Science fiction and fantasy are all about reaching beyond the horizon — so it's not surprising that many of the greatest speculative fiction authors have broadened their own horizons. And you can see it in their writing, because the experience of negotiating a very different culture and learning another language reshapes the way you think about exploration and discovery.

Here are 31 great science fiction and fantasy authors who lived in foreign countries — and how their writing changed as a result. If we left out one of your favorite authors who lived overseas, please chime in in the comments — there's no way this can be an exhaustive list!
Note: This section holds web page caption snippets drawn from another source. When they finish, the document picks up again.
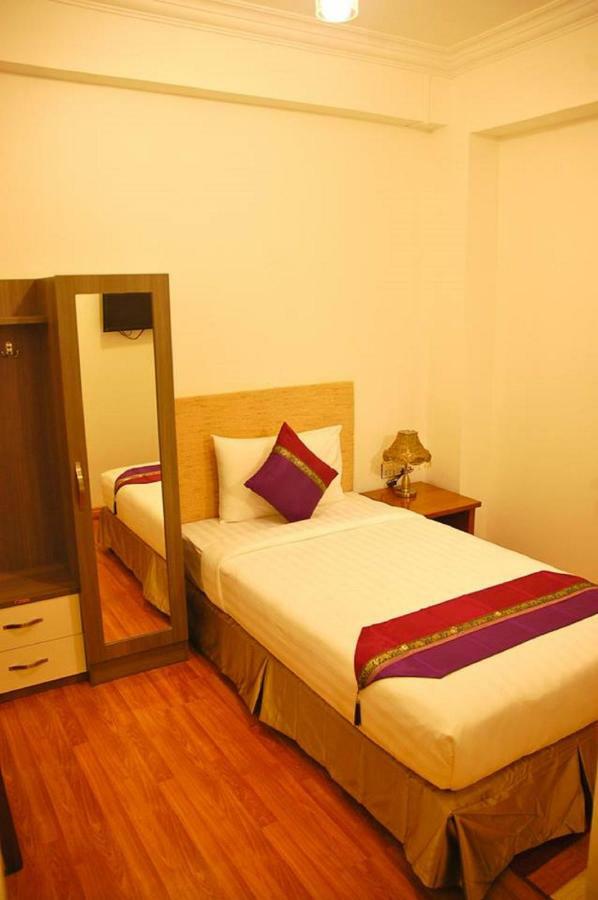 Hotel K Yangon Exterior foto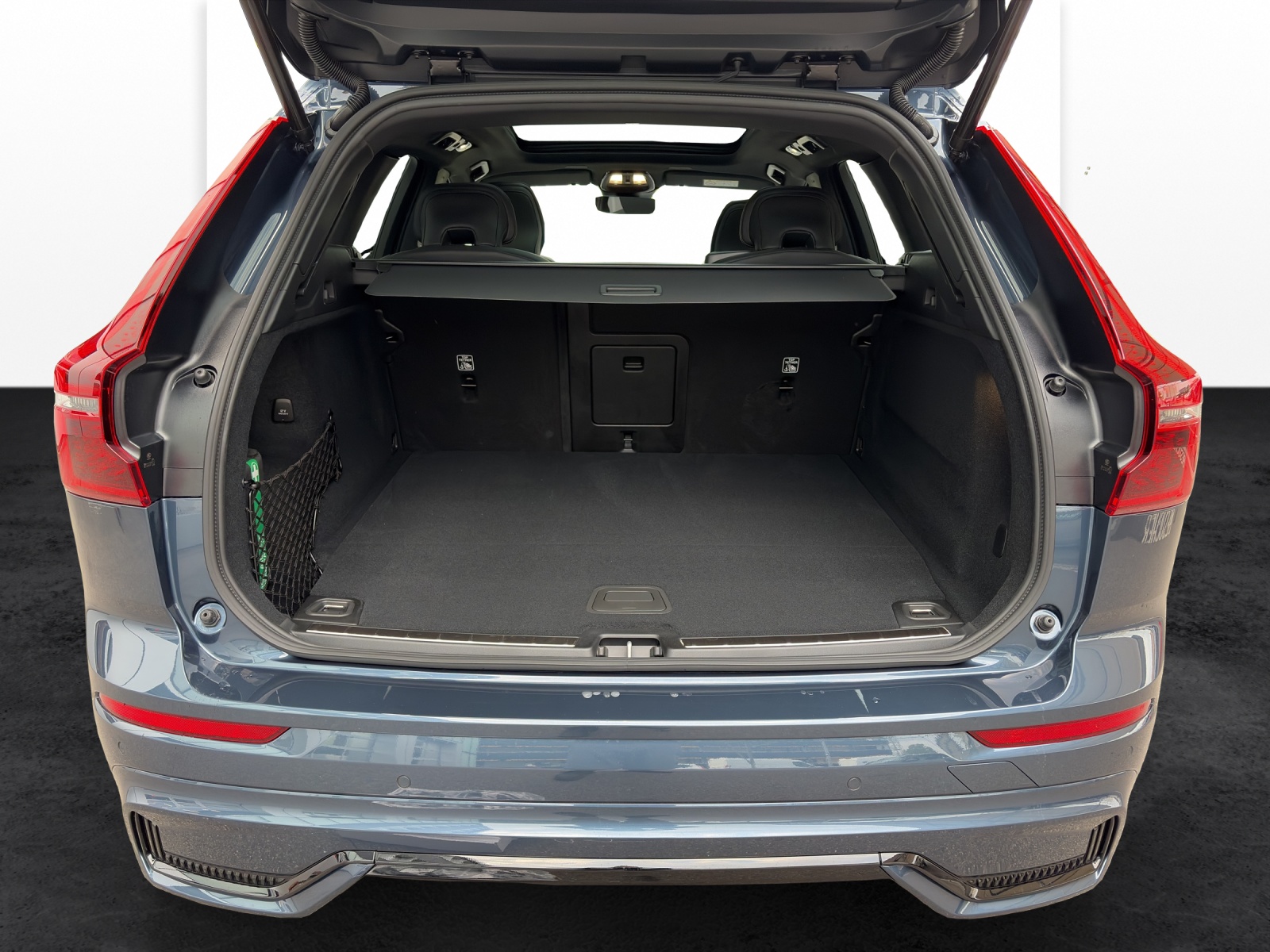 VOLVO XC60 2.0 T6 TE Black Edition eAWD-image-18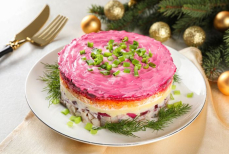 Названы полезные альтернативы майонезу в новогодних салатах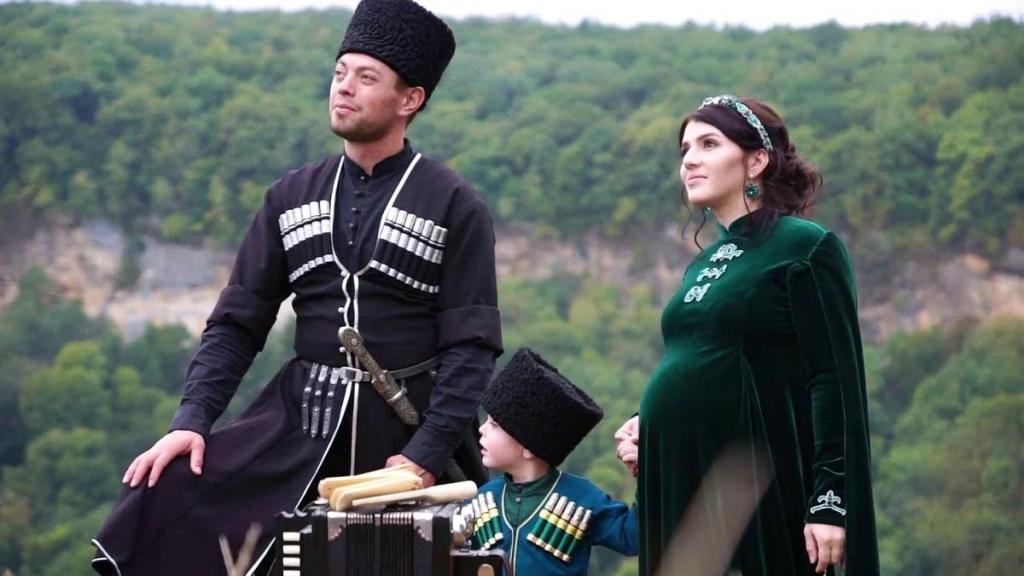 Большая разница в возрасте и запрет на прикосновения: как мужчины Северного Кавказа выбирают себе невест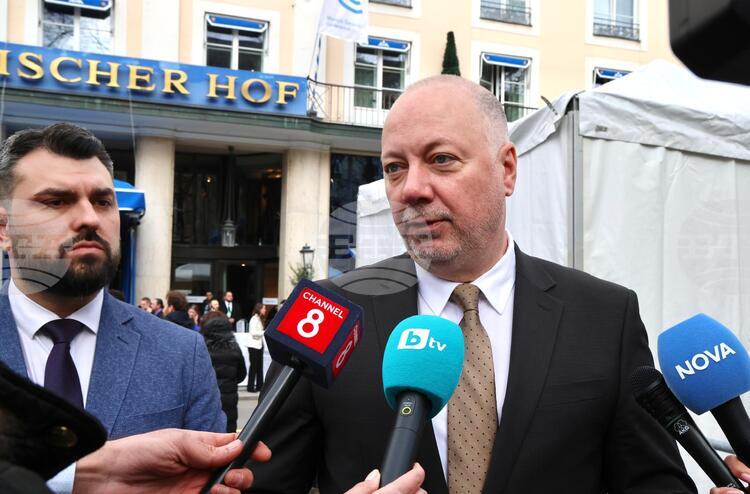 Outgoing Prime Minister Zhelyazkov: World Urgently Needs Peace Against Growing Geopolitical Tensions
Top image: The Kinslaying at Alqualonde from the Silmarillion, by Ted Naismith

Haruki Murakami

Murakami wrote The Wind-Up Bird Chronicle while he was living in the U.S., and he credits the experience for creating the feeling of alienation in the book. Murakami told the Paris Review:

During the four years of writing The Wind-Up Bird Chronicle, I was living in the U.S. as a stranger. That 'strangeness' was always following me like a shadow and it did the same to the protagonist of the novel. Come to think of it, if I wrote it in Japan, it might have become a very different book. My strangeness while living in the U.S. differed from the strangeness I feel while in Japan. It was more obvious and direct in the U.S. and that gave me a much clearer recognition of myself. The process of writing this novel was a process similar to making myself naked, in a way.


Neil Gaiman

Gaiman's classic novel American Gods came as a direct result of Gaiman's move from the U.K. to the U.S. As Gaiman told January Magazine: "It was what American Gods came from: discovering that America was a much more complex place than I thought it was and that the Midwest was a much more complex place." In another interview, in Rain Taxi, Gaiman added that living in America changed his writing style, especially in this book:

It influences the language I use to communicate. With American Gods I was trying very, very consciously—there was a level at which it was a little like trying to write a novel in French—you know, "this novel is to be written in American."


Kurt Vonnegut

Vonnegut is one of a few speculative fiction authors whose transformative overseas experiences came during wartime. Vonnegut's time in Germany during World War II changed his works tremendously, and his novel Slaughterhouse-Five is based on his life as a POW, during and after the Allied bombing of Dresden. In Timequake, a character receives a purple heart in a situation similar to Vonnegut's own.


Isabel Allende

The classic magical realist novel House of Spirits started out as a series of letters that Allende wrote, while in exile in Venezuela, to her dying grandfather in Chile. Allende explained in an interview:

Well actually, I started my first novel, "The House of the Spirits"... because I was living in exile in Venezuela and my grandfather was dying in Chile. And I could not return to be with him, so I started a letter for him that turned into "The House of the Spirits," my first novel.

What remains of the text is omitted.